§ **WORK REQUIRED**: Print every record below exactly as it stands, but leave out the pictures.

Collection entries:
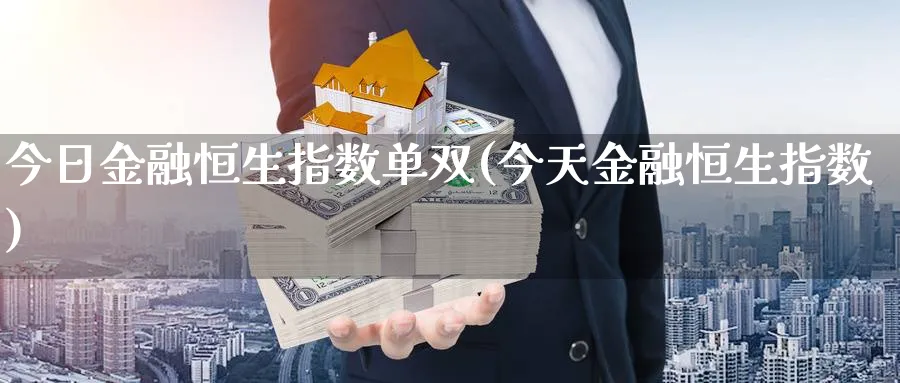 今日金融恒生指数单双(今天金融恒生指数)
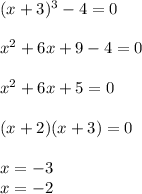 (x+3)^3-4=0\\\\x^2+6x+9-4=0\\\\x^2+6x+5=0\\\\(x+2)(x+3)=0\\\\x=-3\\x=-2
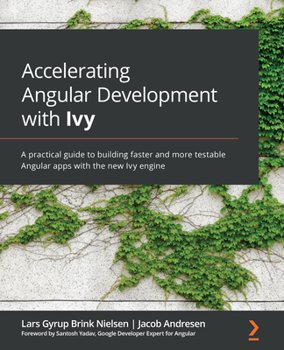 Paperback Accelerating Angular Development with Ivy: A practical guide to building faster and more testable Angular apps with the new Ivy engine Book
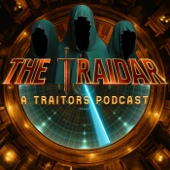 The Traidar: A Traitors Podcast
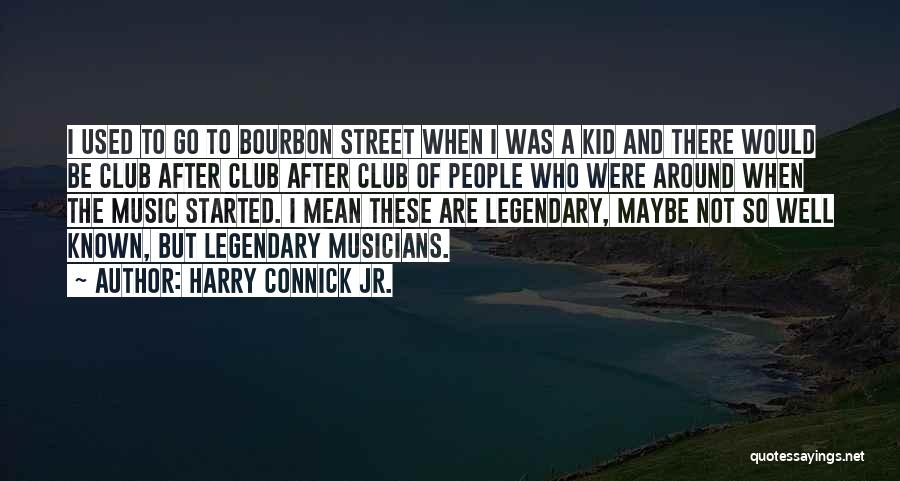 Bourbon Quotes By Harry Connick Jr.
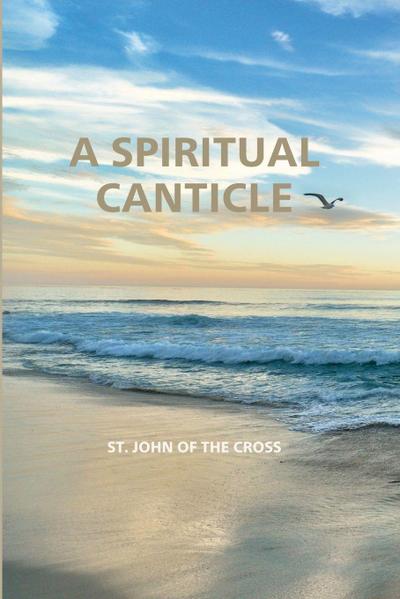 A SPIRITUAL CANTICLE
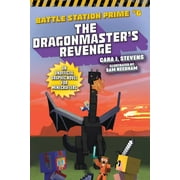 CARA J STEVENS; SAM NEEDHAM Unofficial Battle Station Prime Series: The Dragonmaster's Revenge : An Unofficial Graphic Novel for Minecrafters (Series #6) (Paperback)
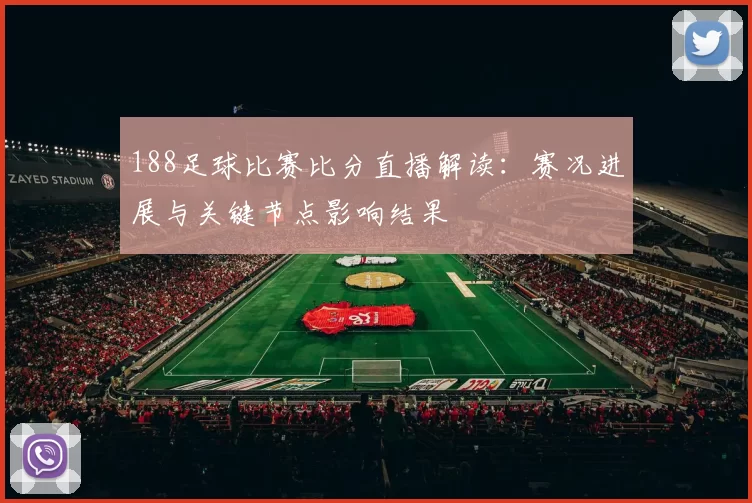 188足球比赛比分直播解读：赛况进展与关键节点影响结果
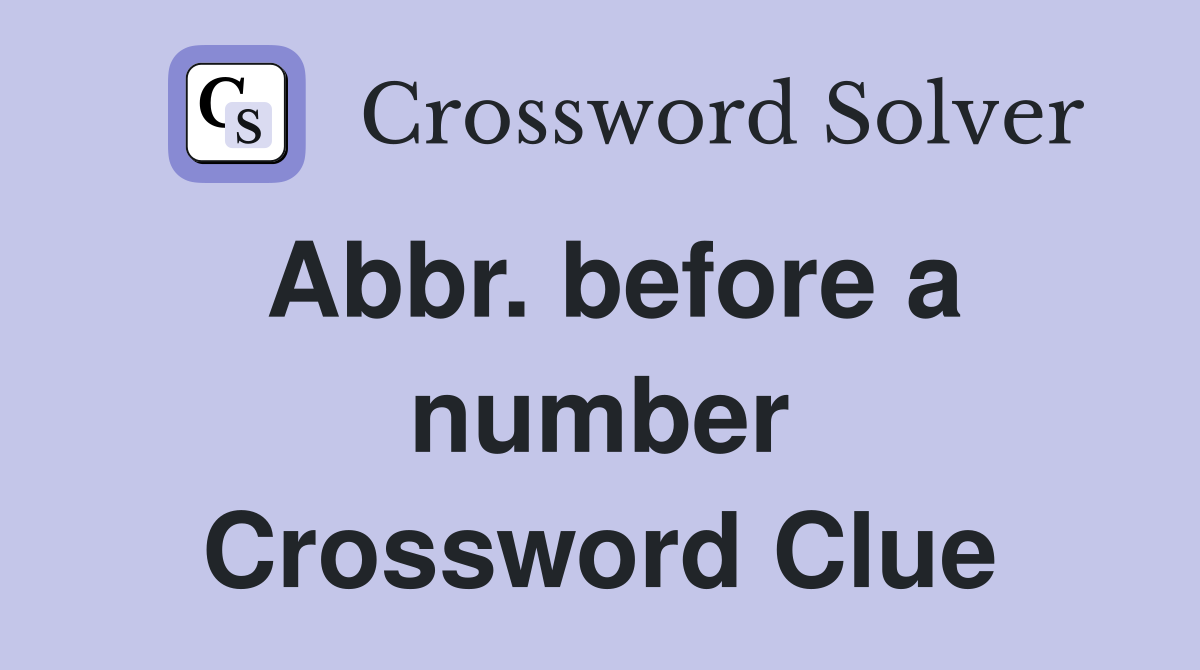 Abbr. before a number Crossword Clue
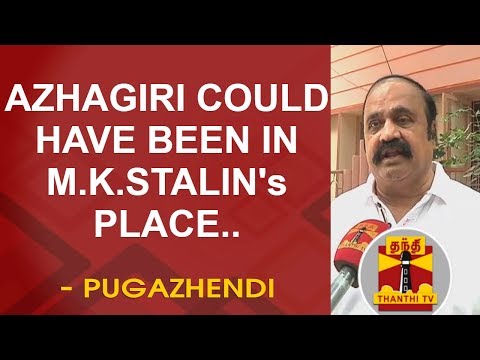 Azhagiri could have been in M.K.Stalin's place - Pugazhendi criticizes | Thanthi TV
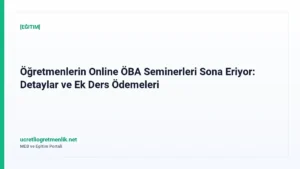 Öğretmenlerin Online ÖBA Seminerleri Sona Eriyor: Detaylar ve Ek Ders Ödemeleri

§ **SOLVED PROBLEM**:
 今日金融恒生指数单双(今天金融恒生指数)
 (x+3)^3-4=0\\\\x^2+6x+9-4=0\\\\x^2+6x+5=0\\\\(x+2)(x+3)=0\\\\x=-3\\x=-2
 Paperback Accelerating Angular Development with Ivy: A practical guide to building faster and more testable Angular apps with the new Ivy engine Book
 The Traidar: A Traitors Podcast
 Bourbon Quotes By Harry Connick Jr.
 A SPIRITUAL CANTICLE
 CARA J STEVENS; SAM NEEDHAM Unofficial Battle Station Prime Series: The Dragonmaster's Revenge : An Unofficial Graphic Novel for Minecrafters (Series #6) (Paperback)
 188足球比赛比分直播解读：赛况进展与关键节点影响结果
 Abbr. before a number Crossword Clue
 Azhagiri could have been in M.K.Stalin's place - Pugazhendi criticizes | Thanthi TV
 Öğretmenlerin Online ÖBA Seminerleri Sona Eriyor: Detaylar ve Ek Ders Ödemeleri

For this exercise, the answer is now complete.